## Recorded data:
▼▼▼
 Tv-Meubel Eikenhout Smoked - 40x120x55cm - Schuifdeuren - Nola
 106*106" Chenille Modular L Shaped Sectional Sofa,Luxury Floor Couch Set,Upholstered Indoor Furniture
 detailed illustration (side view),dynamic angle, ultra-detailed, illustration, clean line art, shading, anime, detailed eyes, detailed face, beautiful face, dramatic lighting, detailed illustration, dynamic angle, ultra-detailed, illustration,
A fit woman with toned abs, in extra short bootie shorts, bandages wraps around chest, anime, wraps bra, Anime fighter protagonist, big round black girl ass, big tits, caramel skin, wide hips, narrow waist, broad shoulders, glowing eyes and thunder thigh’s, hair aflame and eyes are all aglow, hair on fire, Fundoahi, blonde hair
▲▲▲
## Problem to work on:
Give back exactly what runs from the first line of the listing above to the line that contains "Set,Upholstered Indoor Furniture", keeping both end lines.

## Response below:
 Tv-Meubel Eikenhout Smoked - 40x120x55cm - Schuifdeuren - Nola
 106*106" Chenille Modular L Shaped Sectional Sofa,Luxury Floor Couch Set,Upholstered Indoor Furniture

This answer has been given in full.